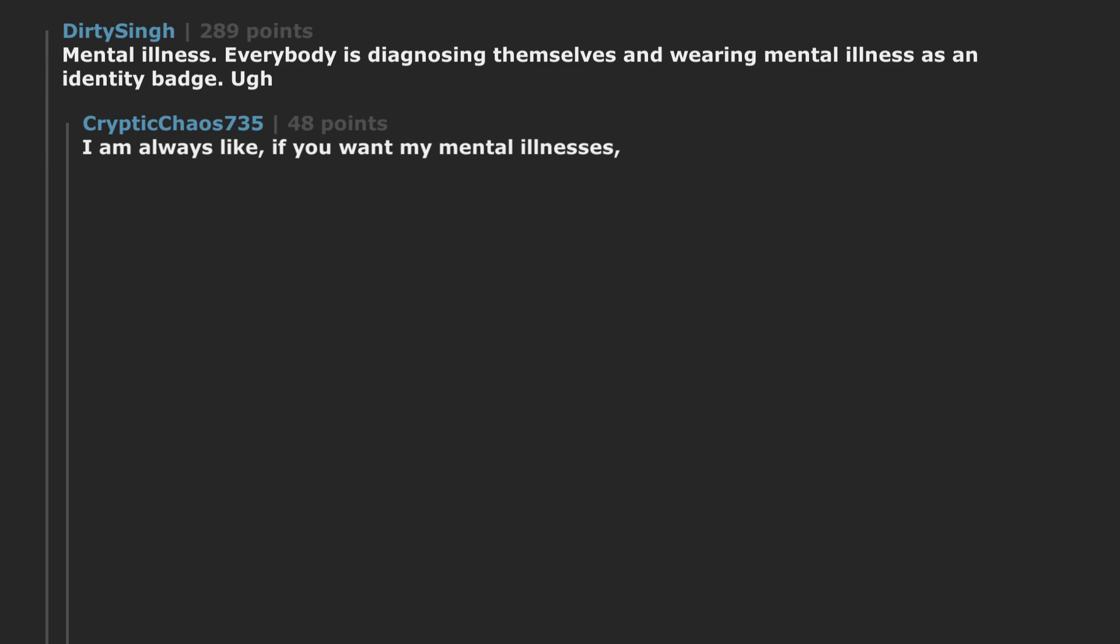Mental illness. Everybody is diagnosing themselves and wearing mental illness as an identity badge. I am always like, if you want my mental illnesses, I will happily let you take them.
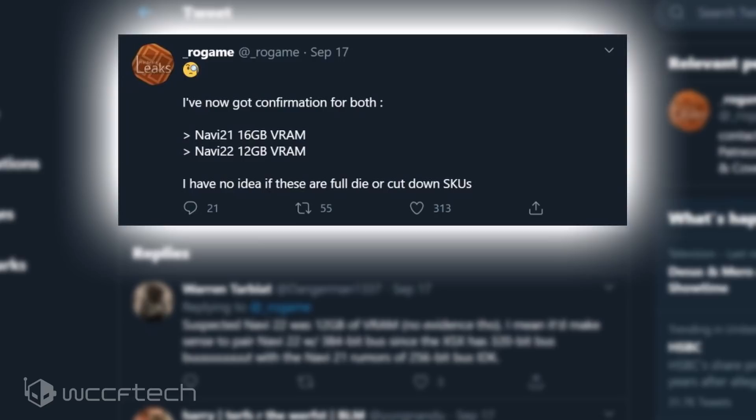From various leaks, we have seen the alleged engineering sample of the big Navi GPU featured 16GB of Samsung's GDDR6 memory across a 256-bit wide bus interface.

☆ ☆ ☆ ☆

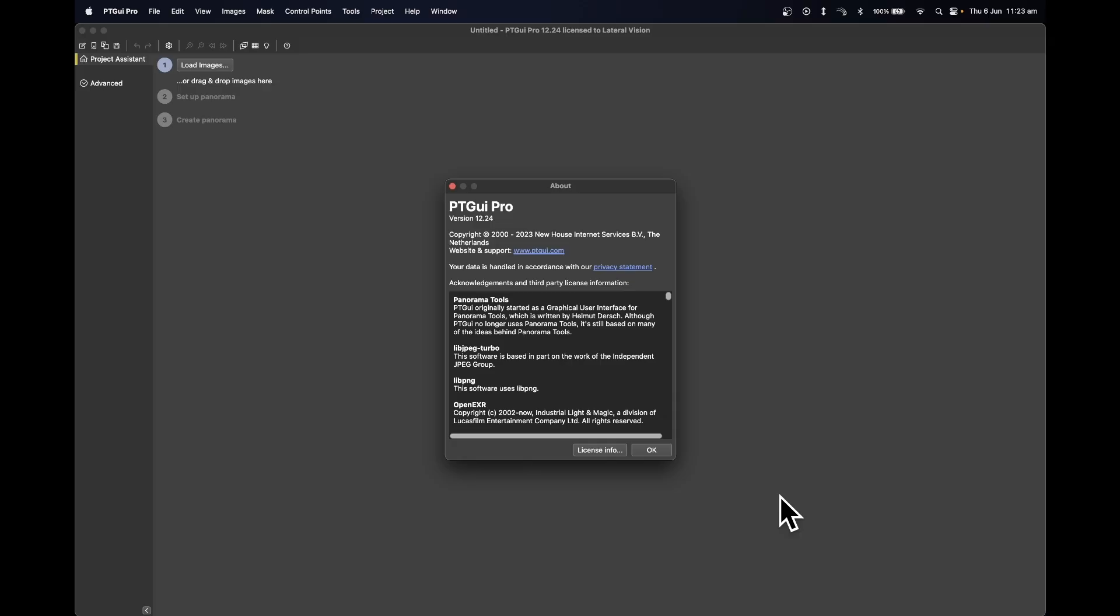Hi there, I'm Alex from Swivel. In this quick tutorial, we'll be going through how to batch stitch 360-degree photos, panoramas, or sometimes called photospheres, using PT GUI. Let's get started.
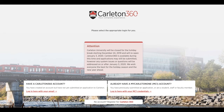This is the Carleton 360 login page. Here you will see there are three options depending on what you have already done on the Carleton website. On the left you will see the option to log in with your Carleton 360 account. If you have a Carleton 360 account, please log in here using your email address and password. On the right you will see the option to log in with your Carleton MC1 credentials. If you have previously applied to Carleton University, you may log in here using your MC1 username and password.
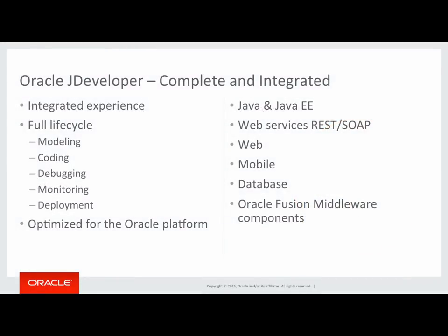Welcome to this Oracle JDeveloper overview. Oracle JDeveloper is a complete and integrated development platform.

☆ ☆ ☆ ☆

Copy only these lines from the records above, exactly: the one with "Mental illness. Everybody", the one with "From various leaks, we", and those between. Skip the pictures.

**RESPONSE AREA:**
Mental illness. Everybody is diagnosing themselves and wearing mental illness as an identity badge. I am always like, if you want my mental illnesses, I will happily let you take them.
From various leaks, we have seen the alleged engineering sample of the big Navi GPU featured 16GB of Samsung's GDDR6 memory across a 256-bit wide bus interface.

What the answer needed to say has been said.